> **PROBLEM TO WORK ON**: Word for word, copy all the data and drop the pictures.

> **Pictures with short captions**:

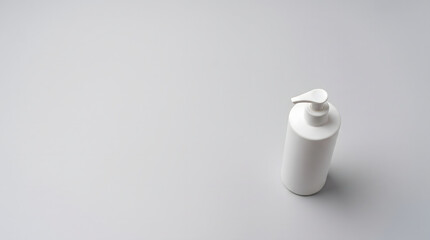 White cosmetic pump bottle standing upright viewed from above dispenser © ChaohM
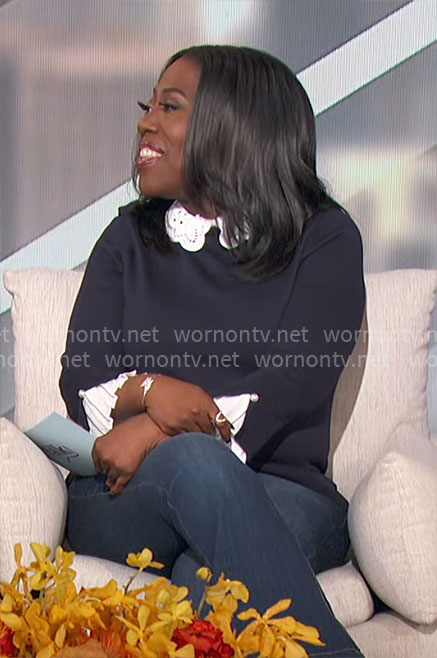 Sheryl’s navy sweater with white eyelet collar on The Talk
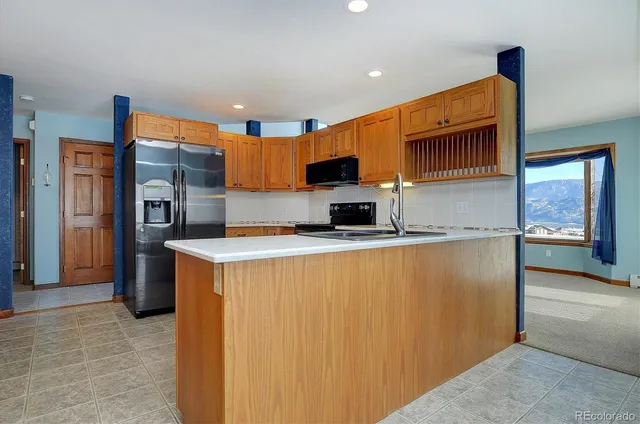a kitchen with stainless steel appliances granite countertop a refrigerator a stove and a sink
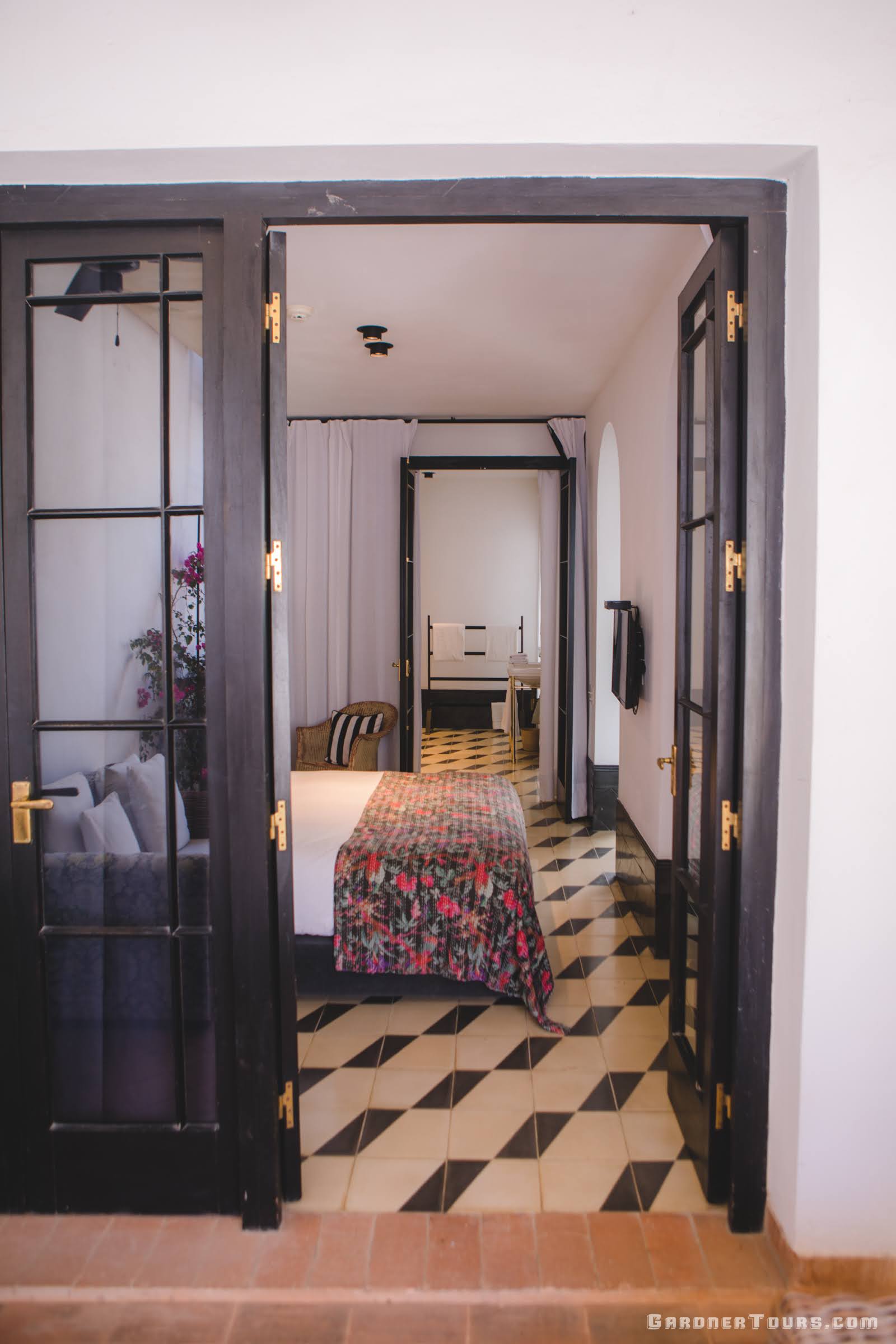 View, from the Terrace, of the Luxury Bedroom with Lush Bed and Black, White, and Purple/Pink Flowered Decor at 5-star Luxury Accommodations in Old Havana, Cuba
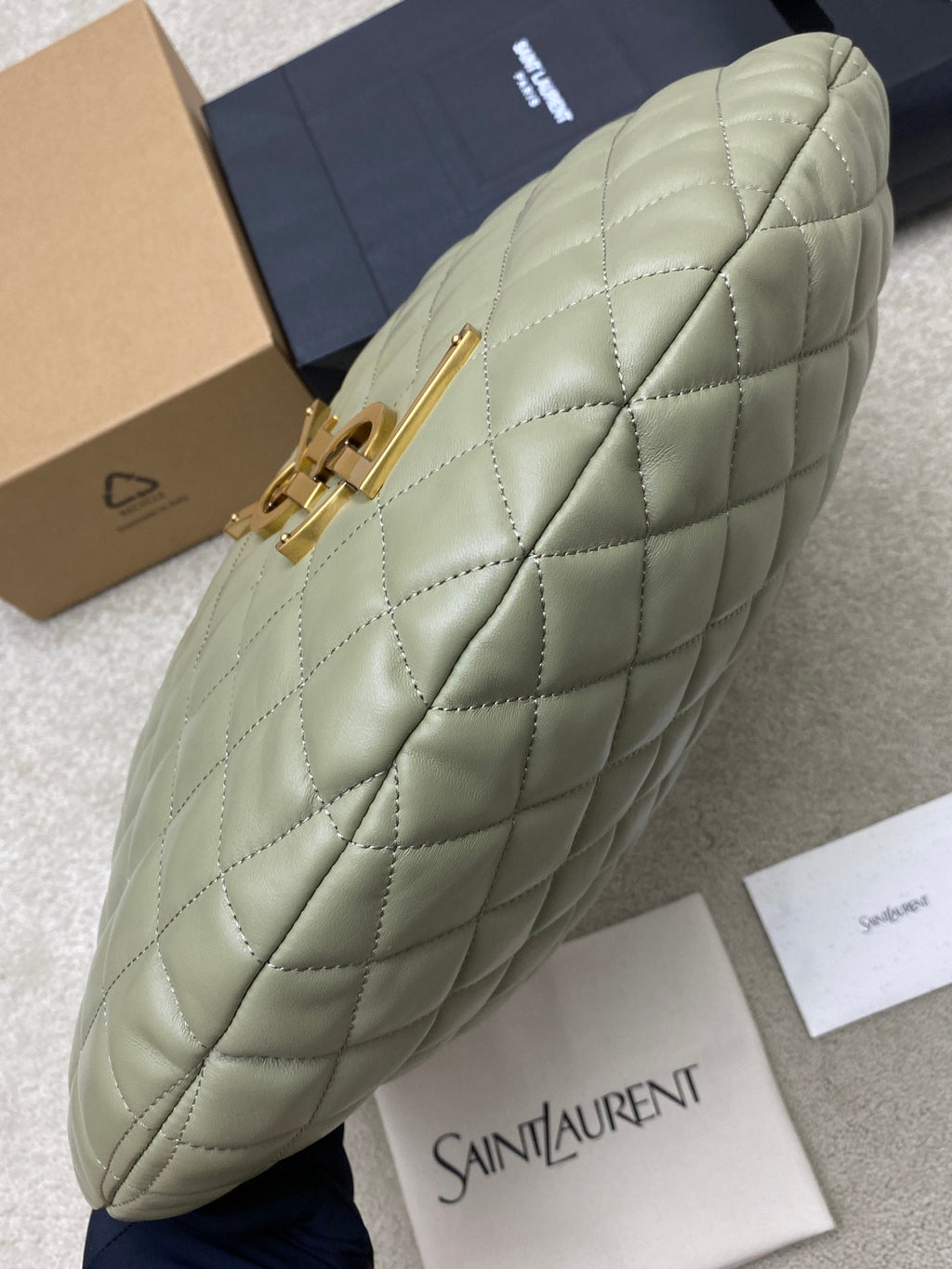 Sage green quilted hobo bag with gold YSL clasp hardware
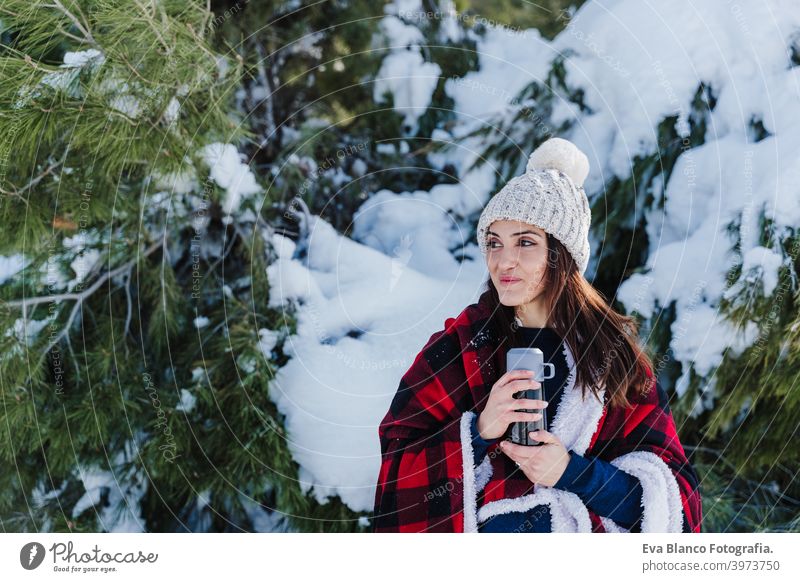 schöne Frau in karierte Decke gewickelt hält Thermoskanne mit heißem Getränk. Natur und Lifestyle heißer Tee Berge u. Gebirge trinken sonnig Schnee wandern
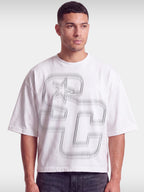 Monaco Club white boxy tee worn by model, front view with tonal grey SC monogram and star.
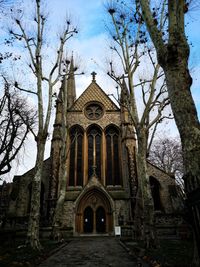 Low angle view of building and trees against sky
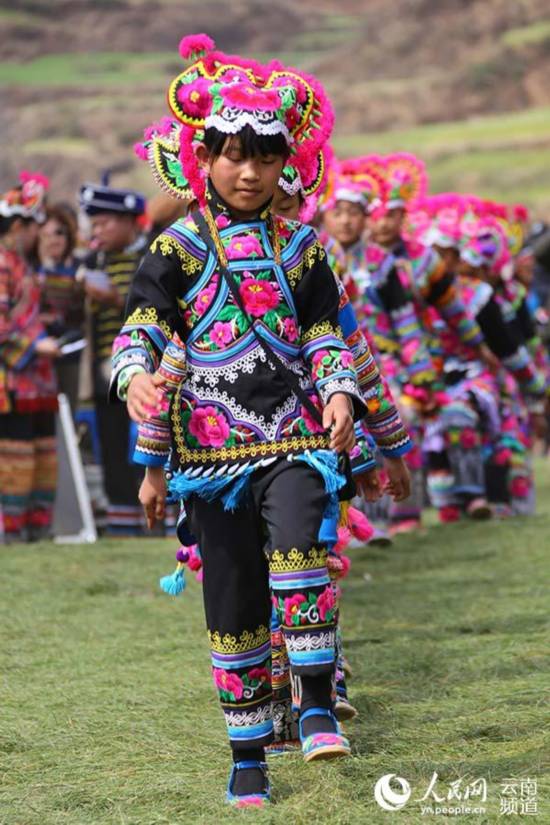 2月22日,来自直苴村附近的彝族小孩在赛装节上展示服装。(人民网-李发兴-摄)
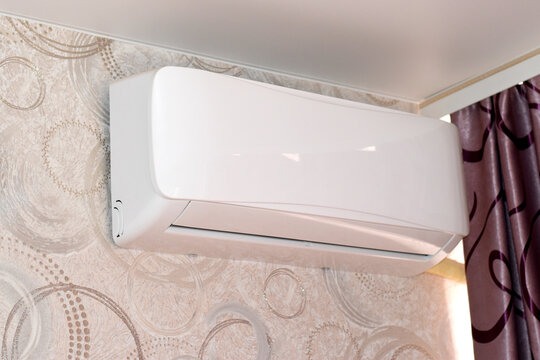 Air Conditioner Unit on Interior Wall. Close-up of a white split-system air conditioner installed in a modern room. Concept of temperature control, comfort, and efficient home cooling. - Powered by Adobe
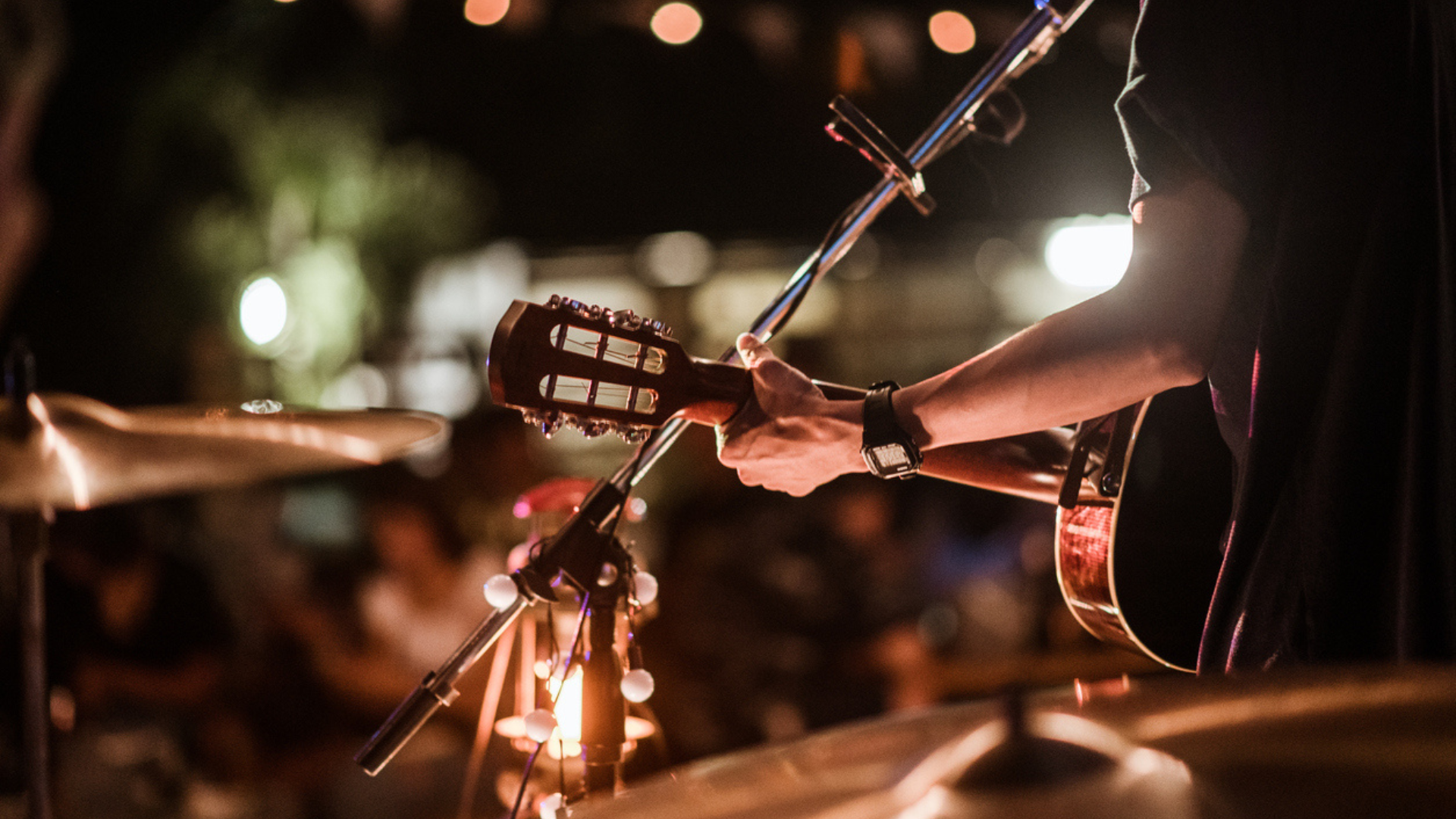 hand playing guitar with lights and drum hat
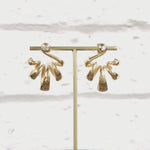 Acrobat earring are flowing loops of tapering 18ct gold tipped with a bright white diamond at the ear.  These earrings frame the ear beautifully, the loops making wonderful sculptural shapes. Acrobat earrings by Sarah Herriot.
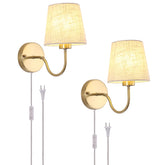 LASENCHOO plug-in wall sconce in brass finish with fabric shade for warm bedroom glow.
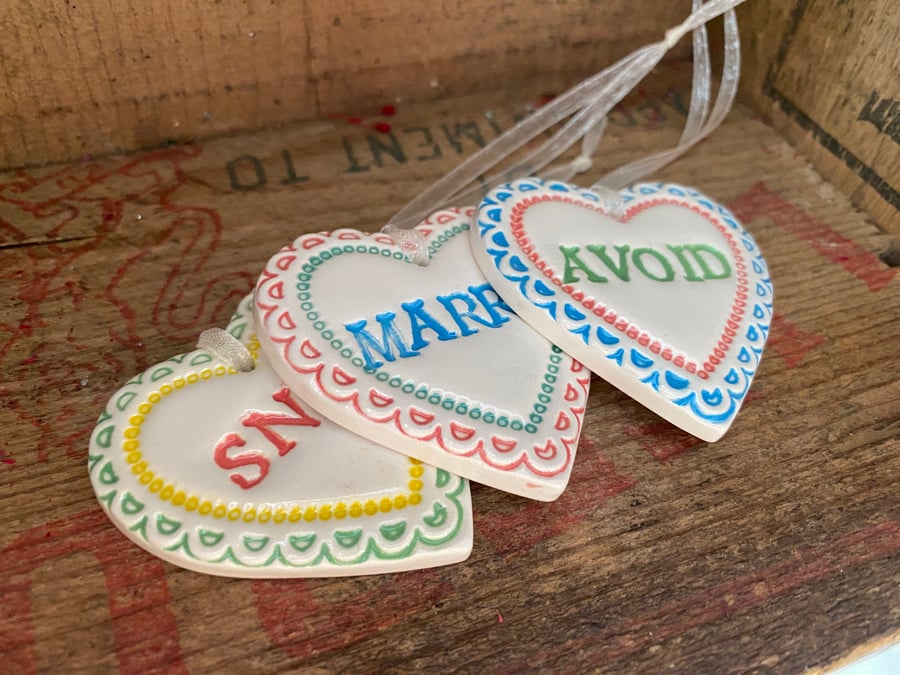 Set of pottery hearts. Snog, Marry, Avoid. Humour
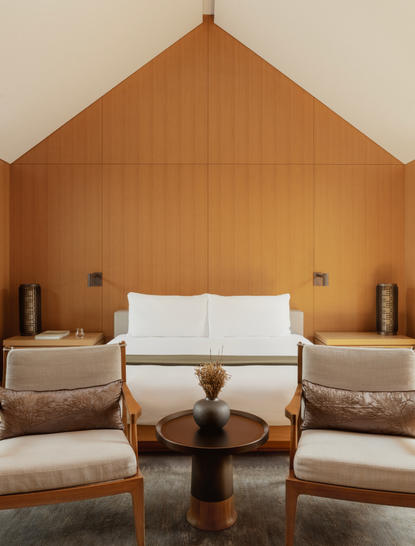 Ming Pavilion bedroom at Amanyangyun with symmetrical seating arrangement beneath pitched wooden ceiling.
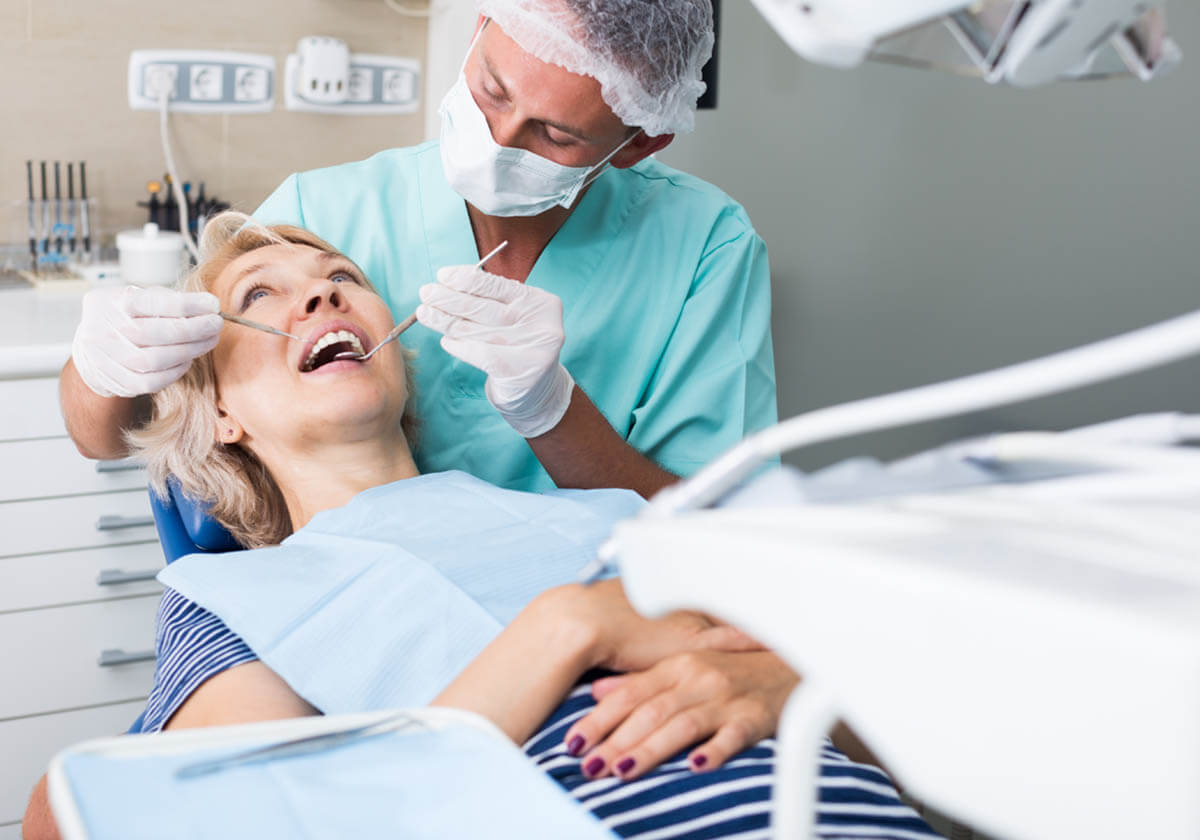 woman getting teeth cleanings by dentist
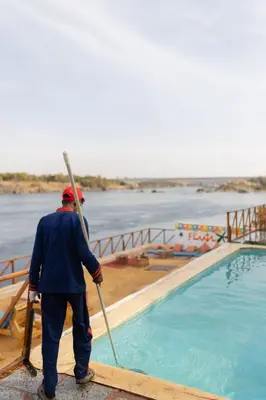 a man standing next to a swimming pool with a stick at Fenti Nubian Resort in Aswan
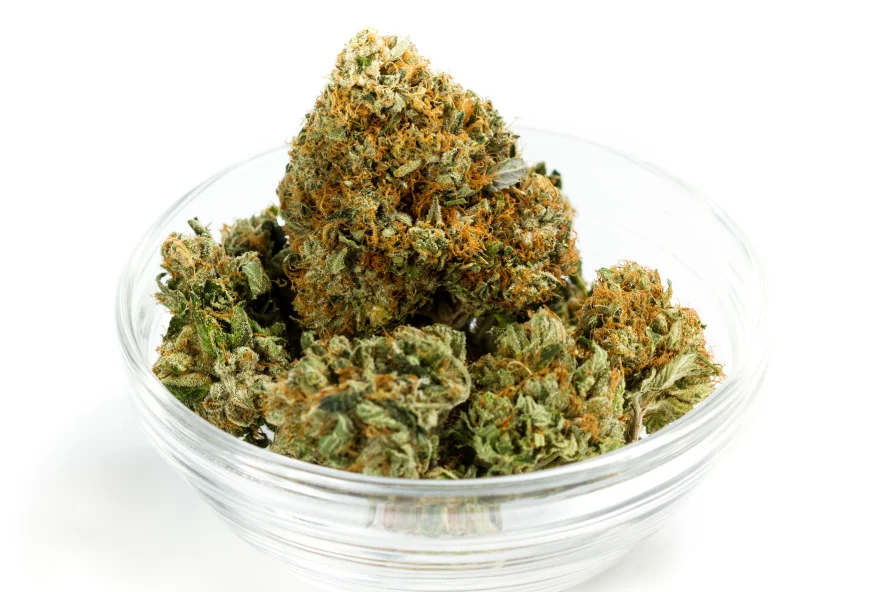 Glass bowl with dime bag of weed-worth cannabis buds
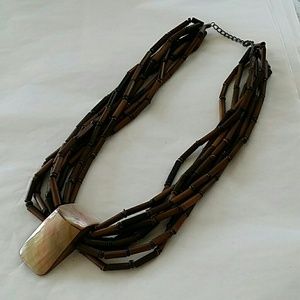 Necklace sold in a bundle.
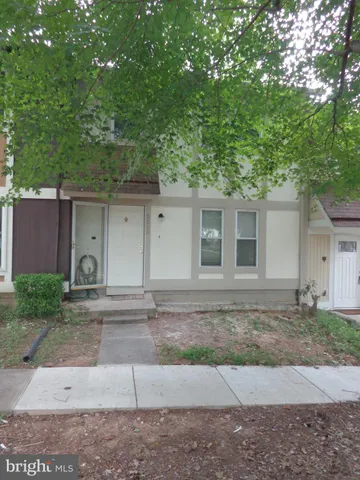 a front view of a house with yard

> **TASK SOLUTION**:
 White cosmetic pump bottle standing upright viewed from above dispenser © ChaohM
 Sheryl’s navy sweater with white eyelet collar on The Talk
a kitchen with stainless steel appliances granite countertop a refrigerator a stove and a sink
 View, from the Terrace, of the Luxury Bedroom with Lush Bed and Black, White, and Purple/Pink Flowered Decor at 5-star Luxury Accommodations in Old Havana, Cuba
 Sage green quilted hobo bag with gold YSL clasp hardware
 schöne Frau in karierte Decke gewickelt hält Thermoskanne mit heißem Getränk. Natur und Lifestyle heißer Tee Berge u. Gebirge trinken sonnig Schnee wandern
 Monaco Club white boxy tee worn by model, front view with tonal grey SC monogram and star.
 Low angle view of building and trees against sky
 2月22日,来自直苴村附近的彝族小孩在赛装节上展示服装。(人民网-李发兴-摄)
 Air Conditioner Unit on Interior Wall. Close-up of a white split-system air conditioner installed in a modern room. Concept of temperature control, comfort, and efficient home cooling. - Powered by Adobe
 hand playing guitar with lights and drum hat
 Acrobat earring are flowing loops of tapering 18ct gold tipped with a bright white diamond at the ear.  These earrings frame the ear beautifully, the loops making wonderful sculptural shapes. Acrobat earrings by Sarah Herriot.
 LASENCHOO plug-in wall sconce in brass finish with fabric shade for warm bedroom glow.
 Set of pottery hearts. Snog, Marry, Avoid. Humour
 Ming Pavilion bedroom at Amanyangyun with symmetrical seating arrangement beneath pitched wooden ceiling.
 woman getting teeth cleanings by dentist
 a man standing next to a swimming pool with a stick at Fenti Nubian Resort in Aswan
 Glass bowl with dime bag of weed-worth cannabis buds
 Necklace sold in a bundle.
 a front view of a house with yard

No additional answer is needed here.